For each of the 10 events, we observe between 106 and 134 performances; the number varies based upon the number of athletes attempting to make the finals in either the allaround or on a given event. Each event has a preliminary and final session, usually spaced a couple of days apart. The finals are structured in a traditional gymnastics way, with the lowest scoring person going first. The goal in the preliminary round is to get the best spot in the finals competition and it is commonly known in the sport that the last spot is best. This aligns the incentives of the athletes; each athlete wants to perform their best in prelims in order to have the best position in the finals competition. For this reason we use only preliminary scoring data and in this round their goal is always score maximization, thus the use of preliminary data does not bias the sample.

B. Gymnastics Scoring

In 2006, the gymnastics governing body, the FIG (Federation Internationale de Gymnastique), completely overhauled the scoring system for elite level gymnastics. This change came after an apparent judging controversy in the 2004 Athens Olympics. Scores are now divided into two parts: difficulty and execution, which sets this dataset apart from Damisch, Mussweiler, and Plessner (2006). The system now separates out the "D" score, which is designed to exclusively measure the difficulty, and the "E" score, which is designed to exclusively measure the execution score.

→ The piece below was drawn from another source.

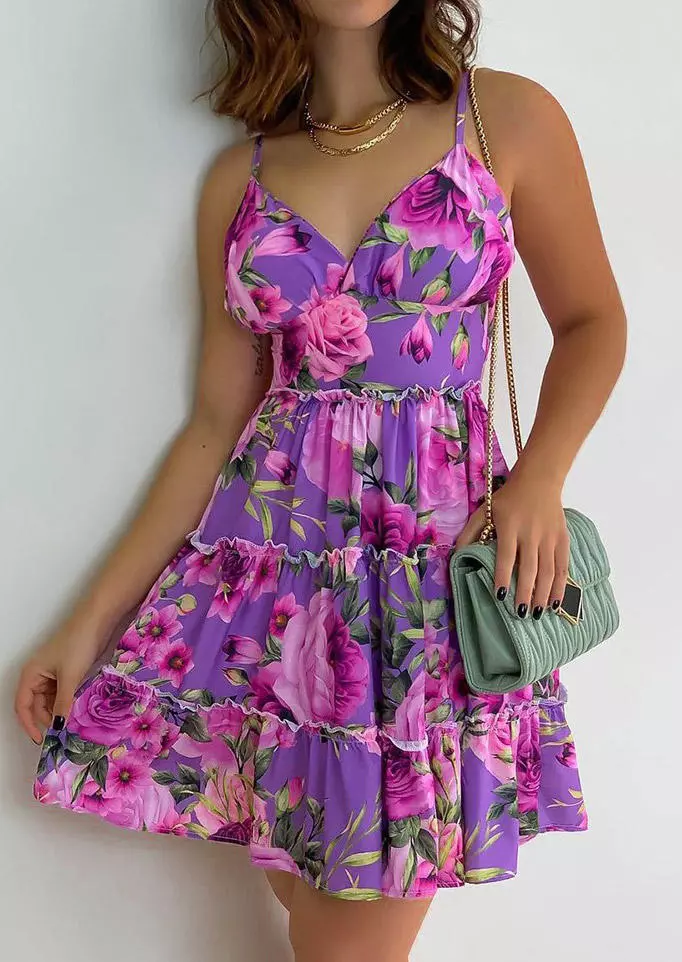 Floral Ruffled Spaghetti Strap Mini Dress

The difficulty score evaluates the content of the routine. Judges award points on three basic parts: the difficulty value of the routine, the demonstration of a fixed set of required skills, and added points for connecting certain elements. (3) On vault, the same difficulty score is awarded to every athlete who performs the same vault, as determined by the gymnastics Code of Points. On all other events, a panel of judges evaluates the difficulty score while the athlete performs. They then compare the score among themselves and post it. The difficulty score is theoretically infinite and is determined by the athlete because they decide what level routine to do, meaning it is exogenous to the judges.

The execution score evaluates how perfectly the athlete performs on that event. This score has a maximum value, and a starting value, of a 10.0 and salvages the part of the scoring system that made Nadia Comaneci a household name. From the beginning of each routine, the judge takes away points for errors in form, execution, technique, artistry, and routine composition. The execution score is determined solely by the judges on the execution panel and will capture any bias in the judging process, if it exists.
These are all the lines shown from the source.